Pembangunan sebuah tambang
terbuka dimulai pada Mei 1970, dan pada pertengahan 1973 tambang baru Ertsberg
dinyatakan beroperasi penuh.
Sejak itulah, Freeport
mengoperasikan tambang emas terbesar di dunia. Pada 1982, Freeport menjadi
produsen emas terbesar di dunia dengan memproduksi 196.000 ons troy (6.100 kg)
emas di tahun pertamanya.
Kekayaan perusahaan ini berasal
dari persetujuan izin penambangan untuk 30 km². Perusahaan ini memiliki hak
penambangan eksklusif selama 30 tahun untuk wilayah tersebut dari saat
pembukaan tambang (1981). Pada 1989 lisensi pertambangan diperluas 25.000 km².

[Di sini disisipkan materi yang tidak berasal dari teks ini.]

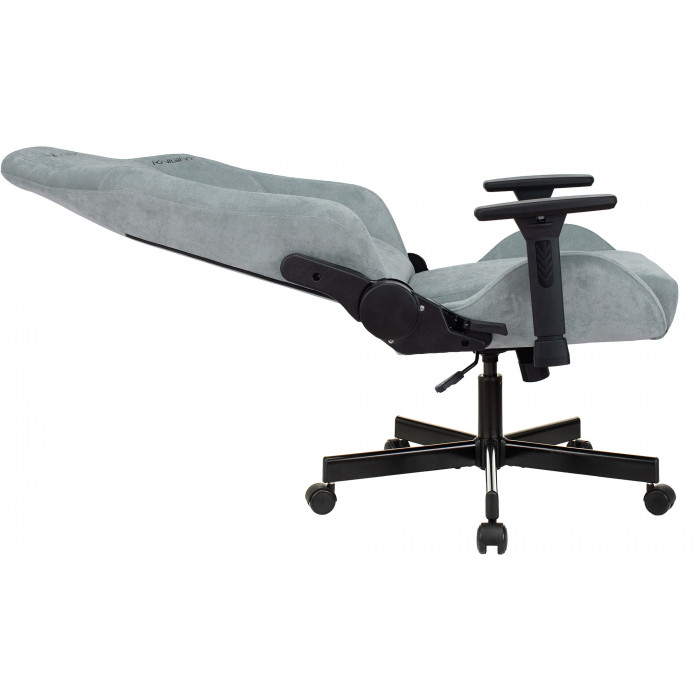 Кресло игровое Knight N1 Fabric серо-голубой Light-28 с подголов. крестов. металл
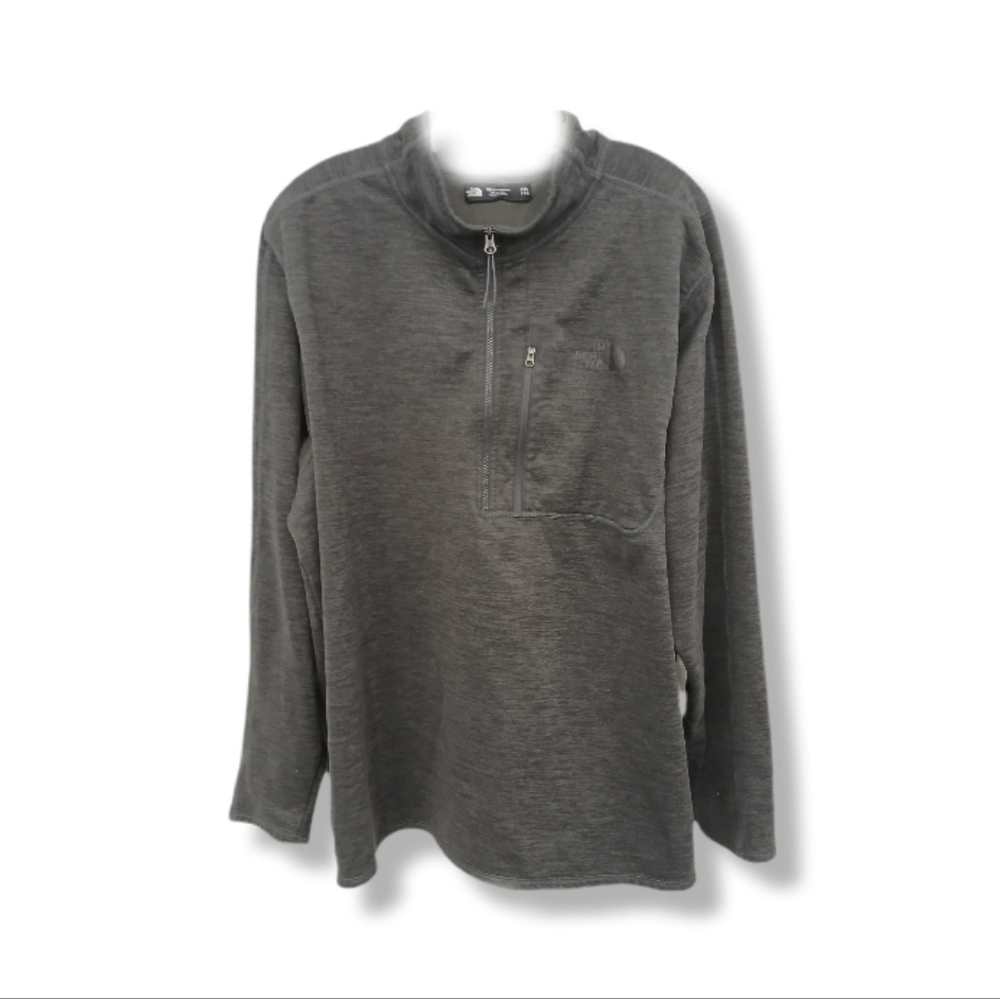 The North Face Men's Charcoal Zip-Up Sweater - Picture 2 of 4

Freeport kemudian berkembang menjadi perusahaan dengan penghasilan 2,3 miliar
dolar AS.
Dalam Laporan Keuangan 2009, Freeport McMoRan melaporkan penjualan tembaga
sebesar 4,1 miliar poun (sekitar 1.8 miliar kg) dan penjualan emas sebesar 2.6
juta ons (sekitar 74 ribu kg). Dari penjualan tersebut, tambang di Papua
menyumbangkan sekitar 34% untuk tembaga dan 96% untuk penjualan emas.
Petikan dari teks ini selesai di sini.